Education is much more complicated than test scores. Good teachers are one factor, but so are strong administrators, supportive communities and parents, access to resources, and student ability to concentrate on the task of learning, and yes, a desire/commitment to learn. Students are better able to focus on their learning if their basic needs are being met. I would question how bad the teachers actually are in their instruction in this Pennsylvania district because one factor that I truly believe really shapes the outcome of a student's education is the commitment of the teacher to the student. Teachers who are willing to work without pay, to put their student's education before their own economic security, must care an awful lot about providing the best education they can to their pupils.  I have never been in a situation where I could put the financial well-being of my family behind the desire to provide education to my students, and as teachers, I question how long they will have the resources to be able to sustain their mission. 

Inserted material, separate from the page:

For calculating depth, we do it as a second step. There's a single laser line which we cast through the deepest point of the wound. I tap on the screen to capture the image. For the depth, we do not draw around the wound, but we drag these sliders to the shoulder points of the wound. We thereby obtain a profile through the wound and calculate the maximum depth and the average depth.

I wonder what would happen if we took No Child Left Behind more literally and really examined what it means to leave a child behind... I am from a state that in 2010 ranked 6th in the nation for child homelessness - which means we had the 6th lowest rate in the nation, meaning we had 4,436 children documented as being homeless. According to the Carsey Institute report, "On one day in January 2009, the New Hampshire Department of Education and New Hampshire Department of Health and Human Services counted 1,402 homeless elementary, middle/juniorhigh, and high school students at school. Twelve percent (171) were unaccompanied youth under age18, with most of them probably homeless adolescents." I wonder how well those students did on a test that day?

My point is that many factors contribute to the development and education of a child and I really have to question a situation that creates more focus on test results and school report cards and less on what really matters, the overall well-being of a child.